Velmeran sat for a moment, staring at the ceiling. “You seem to be looking at the matter very optimistically. You think that being the only one on board leaves you in command. I cannot see how that makes you anything more than a passenger.”

“Quendari Valcyr says that I am the Commander,” Keflyn insisted stubbornly. “I get to sit in the chair and everything.”

“Very well, then, Commander Keflyn,” Velmeran declared. “Put your ship in a docking bay and bring yourself to the diplomatic quarters. I am a very busy person these days, but I will make time for a few long stories.”

The arrival of the diplomatic convoy at Alkayja Station proceeded much more amiably and quietly than anyone would have expected of such an historic event, and one so long awaited. There were no bands playing, no proclamations or ranks of Starwolves in dark armor. The three cruisers docked side by side in the bays reserved for diplomatic vessels, as seldom as those came, and a small group of visitors filed out into the wide promenade corridor to meet Velmeran, Tregloran, and Jaeryn of the Starwolves, and the former Republic represented by Laroose and the Station Commanders.

The Union delegation was something of a surprise, and larger than Velmeran would have expected despite the presence of the three ships. The entire Union High Council was present, the High Councilors of all eighteen Sectors, and nearly half of the Sector Commanders as well. Even Maeken Kea was there as the acting High Commander of the Combined Fleet. She was in curious ways like a Starwolf herself, a diminutive woman of almost elfin features, quiet and seemingly innocent in manner, yet deceptively cunning and deadly.

The Valcyr had moved in quickly and docked herself well ahead of the slow Union cruisers. Keflyn had found Velmeran soon enough, and she related her long stories as quickly as possible. When the Union delegation arrived later, Maeken Kea took the news very hard. They had not known of the defeat of Commander Trace’s assault force, since news could not have come quicker to them than the Valcyr herself.

“Even Don suspected that the Starwolves would confound him in the end,” Maeken Kea said, as she stood with Velmeran and Councilor Lake after Keflyn related her story a second time. “I feel sorry for him, more than anything.”

“And yet he kept you in reserve, for this,” Velmeran said.

She shook her head firmly. “He never knew that the High Council meant to offer surrender if he failed. He honestly believed that, no matter how things turned out, he had put you at too many disadvantages for you to recover. Too many of the errors in tactics were his own.”

“We were lucky,” Velmeran told her. “He never expected the defection of his own Starwolves even before the battle began.
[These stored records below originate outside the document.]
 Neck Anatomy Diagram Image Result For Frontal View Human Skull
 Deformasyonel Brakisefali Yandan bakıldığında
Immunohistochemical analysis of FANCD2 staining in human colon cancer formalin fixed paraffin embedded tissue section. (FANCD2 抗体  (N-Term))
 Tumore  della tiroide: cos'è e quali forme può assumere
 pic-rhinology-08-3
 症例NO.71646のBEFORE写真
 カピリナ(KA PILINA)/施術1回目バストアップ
And none of us expected the recovery of the Valcyr and her defeat of an entire Fortress fleet.”

He turned abruptly to Richart Lake. “Why do we not go for a short walk, just you and I?”
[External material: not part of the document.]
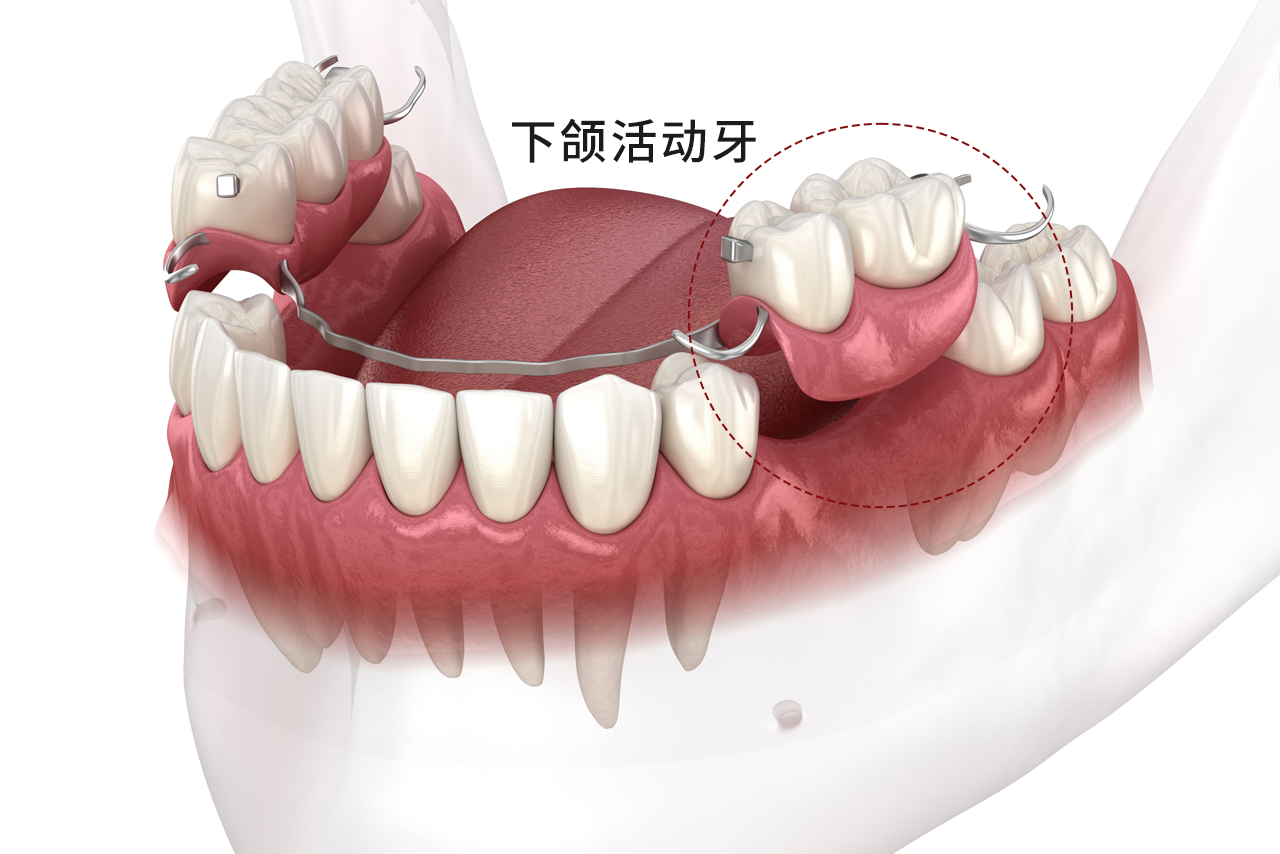 下颌活动牙图片 下颌活动义齿图片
“What, now?” Lake was surprised, but obviously not reluctant to the idea.

“What better time?” Velmeran asked. “I am not a diplomat or a politician, yet I find myself the temporary ruler of an interstellar empire. You seem to be speaking on behalf of the Union. The things that we are about to decide have to serve hundreds of worlds for a very long time, so we have to get it right.”
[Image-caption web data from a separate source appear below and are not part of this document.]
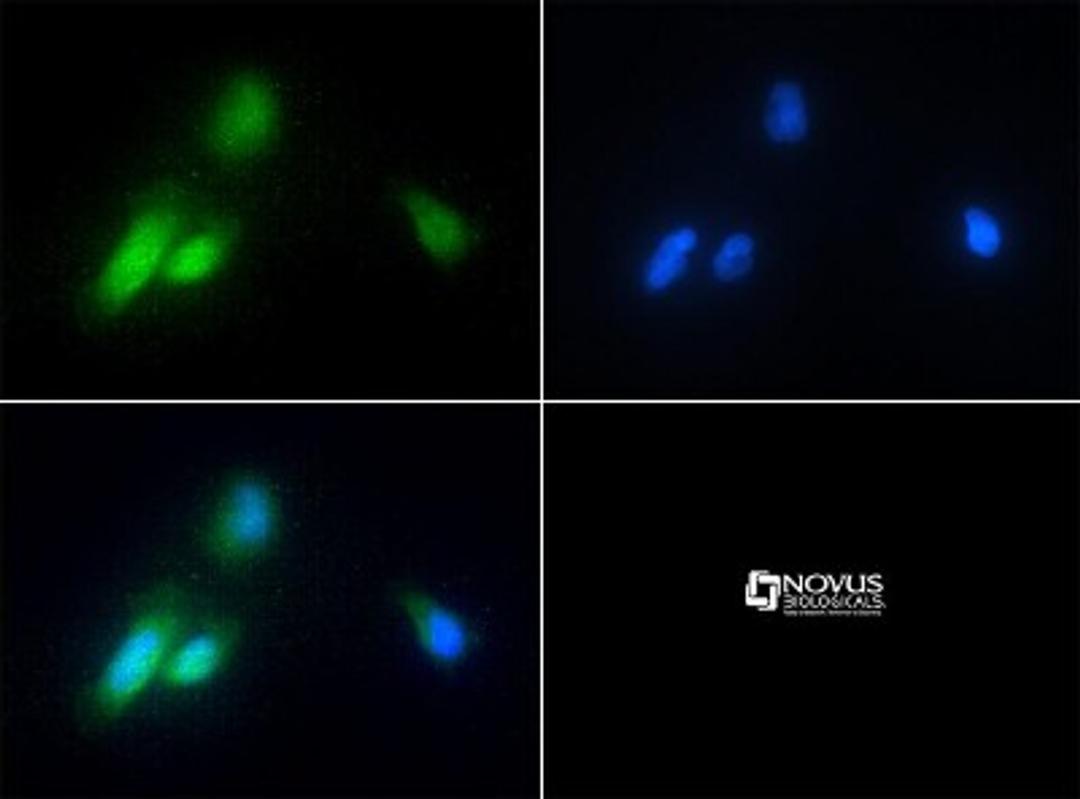 Immunocytochemistry/Immunofluorescence: CHORDC1 Antibody [NBP1-78304] - Antibody was tested in HeLa cells with FITC (green). Nuclei were counterstained with DAPI (blue).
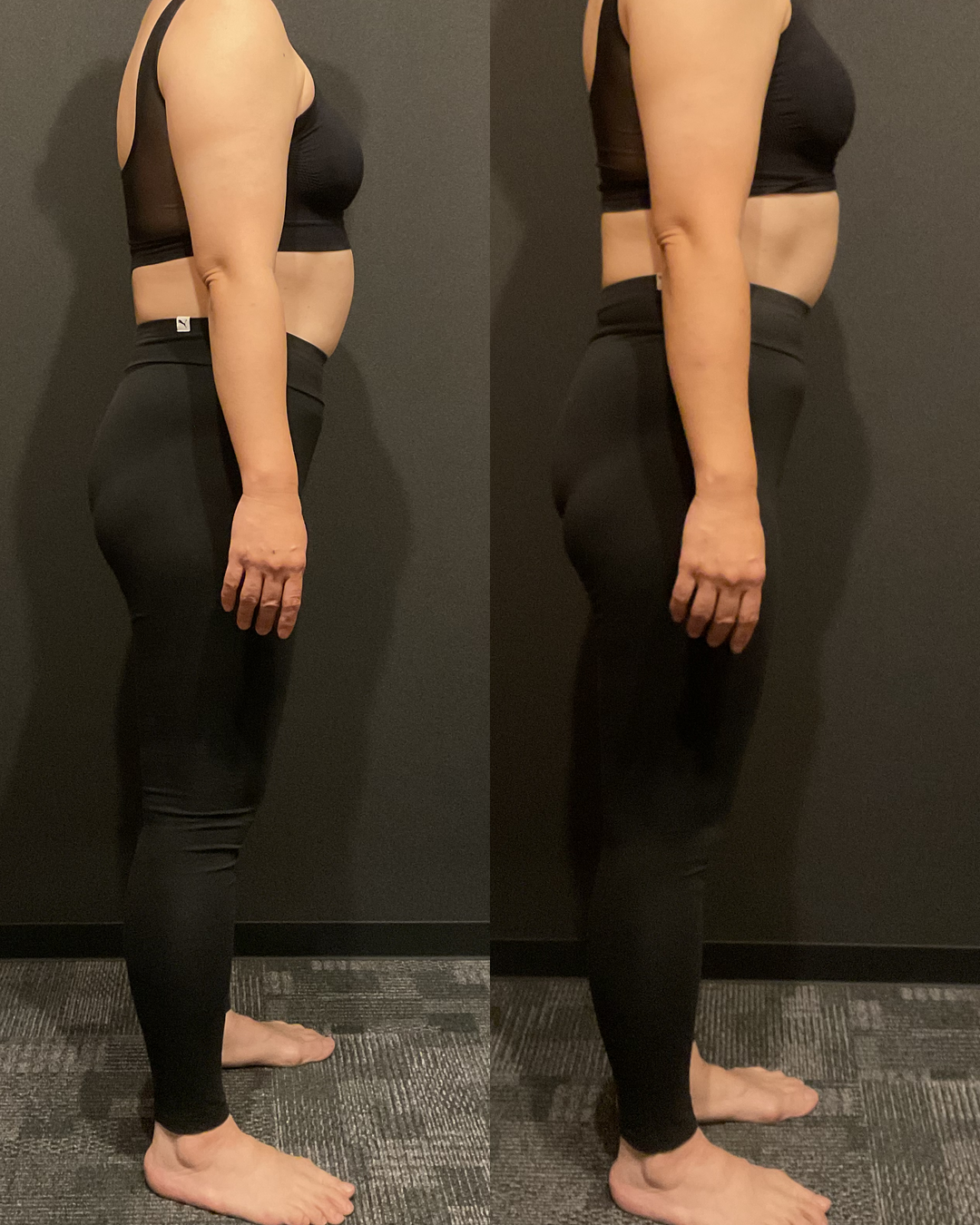 50代 Kさま -12.0kg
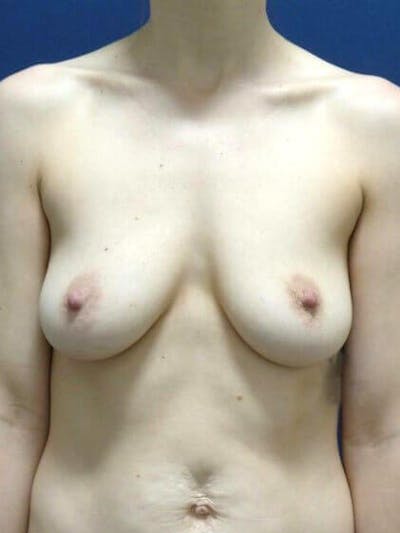 Breast Augmentation by Dr. Haydon Before & After Gallery - Patient 55455254 - Image 1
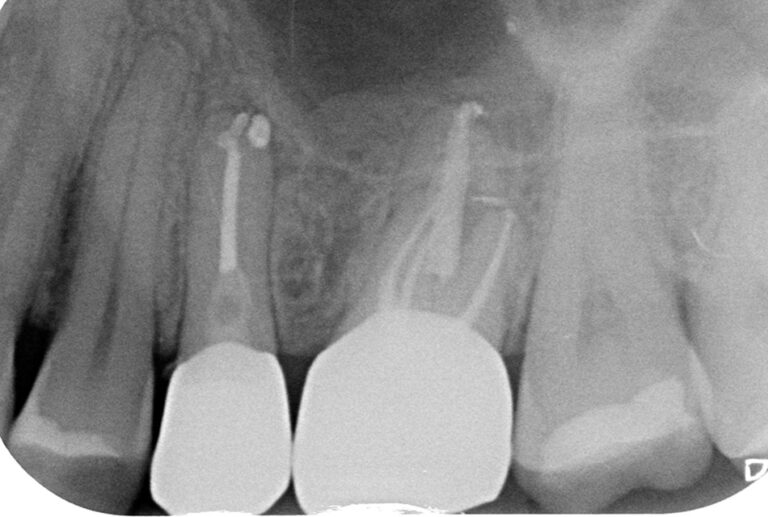 Ritrattamento endodontico e corone in zirconia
Leaving the others to stare, they turned and walked slowly along the wide promenade deck, occasionally glancing out the wide bank of windows to one side. If Richart Lake had been taken by surprise by this remarkable approach to interstellar diplomacy, he also seemed quietly impressed. For his own part, Velmeran was beginning to suspect that there was more of the old Jon Lake in his grandson Richart than anyone had credited. “I am going to make a deal with you,” the Starwolf continued. “The first problem with such negotiations is that each side must figure out what the other wants, then work to some mutual agreement. That slows things down and adds too much opportunity for error. I am going to tell you what I want out of this, and you are going to tell me what you want.”